“Preserved from Oblivion”: Using Victorian Toy Theatre to Recreate Early Melodrama
Quarantining has brought back toy theatre, at least on YouTube, with dozens of videos of performances, how-tos, and interviews. Toy theatre was a common pastime in nineteenth-century Britain as in other Western countries. It required children and teenagers to buy printed sheets with images of the characters in different postures and the various scenes of a play. They would then colour them, and cut up the characters to paste them on cardboard. On a miniature wooden stage, they could enact the plays by following the instructions of the book of words (similar to a playtext), placing the proper scenes as backdrop and moving the paper figures along rails. A significant part of the juvenile drama repertoire stems from early melodrama, the most popular being The Miller and his Men (1813). Shakespeare and the stage adaptations of Sir Walter Scott’s novels were also widely produced for toy theatre. The sheets of characters and scenes as well as the book of words thus captured the live performances from the 1810s to the 1840s and provide a source to study their reception throughout the nineteenth century and beyond. Toy theatre did not preserve in print the Victorian plays adapted from sensation fiction most commonly associated with melodrama, such as The Woman in White (1859-1860) and Lady Audley’s Secret (1862). Victorian consumption practices can be reconstructed through the recorded and published experiences of white Englishmen who went on to have careers in the arts. These nostalgic writings recount the painstaking preparation of the paper figures more so than the restoration to three dimensions in miniature stage performances. One important exception is the famous
explosion in The Miller and his Men, which led to many tales of fires breaking out. Collectors to this day favour “virgin” sheets that have not been cut-up and pasted or even coloured, unless by the printer-publisher himself. Some collectors present shows with their fully functioning toy theatres. This presentation will highlight the nostalgia in recorded experiences of toy theatre.

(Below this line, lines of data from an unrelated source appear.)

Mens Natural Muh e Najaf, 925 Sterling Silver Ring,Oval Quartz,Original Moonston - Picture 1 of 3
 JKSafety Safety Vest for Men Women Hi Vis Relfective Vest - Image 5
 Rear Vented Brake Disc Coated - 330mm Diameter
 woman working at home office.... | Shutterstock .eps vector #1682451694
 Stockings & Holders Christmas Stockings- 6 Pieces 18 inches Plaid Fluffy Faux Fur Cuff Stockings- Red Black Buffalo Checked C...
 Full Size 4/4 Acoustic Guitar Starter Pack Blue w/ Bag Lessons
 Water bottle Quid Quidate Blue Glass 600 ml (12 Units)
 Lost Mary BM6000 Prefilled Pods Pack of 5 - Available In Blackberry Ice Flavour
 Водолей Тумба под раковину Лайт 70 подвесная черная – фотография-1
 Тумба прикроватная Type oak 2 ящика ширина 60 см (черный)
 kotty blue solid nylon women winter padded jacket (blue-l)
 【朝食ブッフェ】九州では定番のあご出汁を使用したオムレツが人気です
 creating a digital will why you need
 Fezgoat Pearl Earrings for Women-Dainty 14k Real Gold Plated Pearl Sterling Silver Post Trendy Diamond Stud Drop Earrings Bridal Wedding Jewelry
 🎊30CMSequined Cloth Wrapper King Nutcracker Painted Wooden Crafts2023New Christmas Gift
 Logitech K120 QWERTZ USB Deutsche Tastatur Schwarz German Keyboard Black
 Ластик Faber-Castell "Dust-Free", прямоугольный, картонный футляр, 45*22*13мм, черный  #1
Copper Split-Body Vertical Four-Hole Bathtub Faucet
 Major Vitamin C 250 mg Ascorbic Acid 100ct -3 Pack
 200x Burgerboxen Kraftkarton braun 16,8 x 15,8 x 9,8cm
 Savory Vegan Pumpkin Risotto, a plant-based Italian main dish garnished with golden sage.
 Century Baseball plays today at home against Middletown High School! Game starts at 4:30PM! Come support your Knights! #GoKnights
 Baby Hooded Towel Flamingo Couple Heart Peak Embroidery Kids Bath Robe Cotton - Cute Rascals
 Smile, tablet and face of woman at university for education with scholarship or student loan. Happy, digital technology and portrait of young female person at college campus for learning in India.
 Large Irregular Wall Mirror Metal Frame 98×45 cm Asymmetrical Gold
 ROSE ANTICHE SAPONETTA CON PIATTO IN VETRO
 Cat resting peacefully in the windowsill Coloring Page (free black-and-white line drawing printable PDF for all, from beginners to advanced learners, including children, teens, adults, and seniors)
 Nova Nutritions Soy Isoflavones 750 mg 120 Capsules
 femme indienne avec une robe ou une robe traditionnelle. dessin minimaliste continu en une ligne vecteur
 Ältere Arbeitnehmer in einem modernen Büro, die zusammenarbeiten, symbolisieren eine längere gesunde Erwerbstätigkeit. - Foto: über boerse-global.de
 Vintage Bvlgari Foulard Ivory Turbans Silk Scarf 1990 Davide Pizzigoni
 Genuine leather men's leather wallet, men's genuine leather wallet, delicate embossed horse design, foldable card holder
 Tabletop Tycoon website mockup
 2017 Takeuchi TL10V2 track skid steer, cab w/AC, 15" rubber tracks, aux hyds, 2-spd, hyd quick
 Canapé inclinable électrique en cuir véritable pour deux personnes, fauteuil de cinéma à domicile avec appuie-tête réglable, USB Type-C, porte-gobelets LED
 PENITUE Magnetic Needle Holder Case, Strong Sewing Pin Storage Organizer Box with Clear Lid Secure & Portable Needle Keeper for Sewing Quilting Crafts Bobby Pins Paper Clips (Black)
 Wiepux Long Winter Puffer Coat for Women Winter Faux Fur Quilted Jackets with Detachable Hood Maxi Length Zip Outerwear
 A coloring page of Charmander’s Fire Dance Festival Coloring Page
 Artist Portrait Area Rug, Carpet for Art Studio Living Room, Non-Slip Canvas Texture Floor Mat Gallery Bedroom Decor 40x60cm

Marie Léger-St-Jean is an independent scholar and digital humanist based in Montréal and working on nineteenth-century transnational transmedia mass culture. She is the founder of Price One Penny, a bibliographical and biographical database about the countless publishers and authors involved in the production of cheap literature in London between 1837 and 1860. She received the 2020 Research Society for Victorian Periodicals (RSVP) Field Development Grant to update the site for its 10th anniversary. Her solo work has appeared in edited collections (Edward Lloyd and his World and Media and Print Culture Consumption in Nineteenth-Century Britain). She has three forthcoming co-authored articles following her publication with Katie McGettigan in Amerikastudien/American Studies.